You start your mornings with it, you spread butter or cream cheese all over it, and you enjoy it with a fresh cup of brewed coffee, but there’s a lot you may not know about it. Get to know your bagel more with these fun facts that you probably were unaware of before.
- Bagels have holes for a reason. The holes in a bagel are created to help the bagels bake faster than they usually would. They also help the store owner or vendor stack them on a dowel or wooden pole.
- It has to be round to be considered a bagel. The word Bagel originally came from the German word “Bougel” meaning “bracelet” and by way of the Yiddish “beygl” which means “ring”.
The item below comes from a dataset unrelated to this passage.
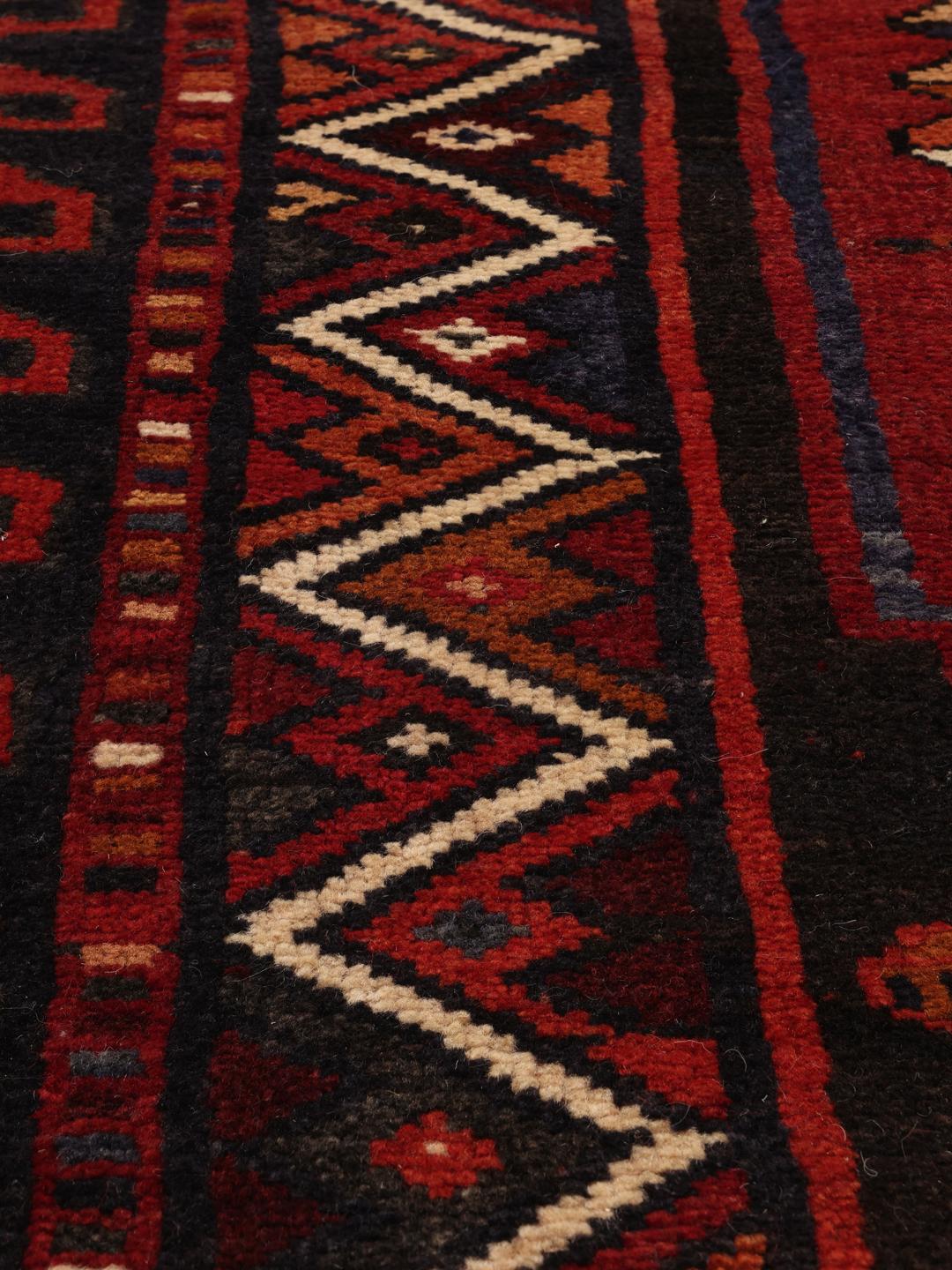 Hand-knotted Lori rug with red and black geometric tribal patterns from the Middle East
- Bagels originated in Poland and were brought to America by Jewish immigrants in the late 19th and early 20th centuries.
- Bagels are a type of bread that is traditionally made from wheat flour, water, yeast, sugar, and salt. They are boiled before being baked, which gives them a distinctive chewy texture.
- The most popular varieties of bagels are plain, sesame, poppy seed, and everything bagels.
- A common misconception is that a bagel is a doughnut with a hole, but they are a bread product that is denser and chewier than a doughnut.
- The largest bagel ever made was over 8 feet in diameter, and required over four hours to bake.
- In New York City, the most traditional place to find an authentic New York-style bagel is from a Jewish-owned deli or bagel shop.
- Bagels have been to space! In 2008, Astronaut Gregory Chamitoff brought 18 sesame bagels from a bakery in Montreal, Canada along with him to space.
- In the early 20th century, there were many Jewish-owned bagel bakeries in New York City, and the bagel became a staple food of the city's Jewish community.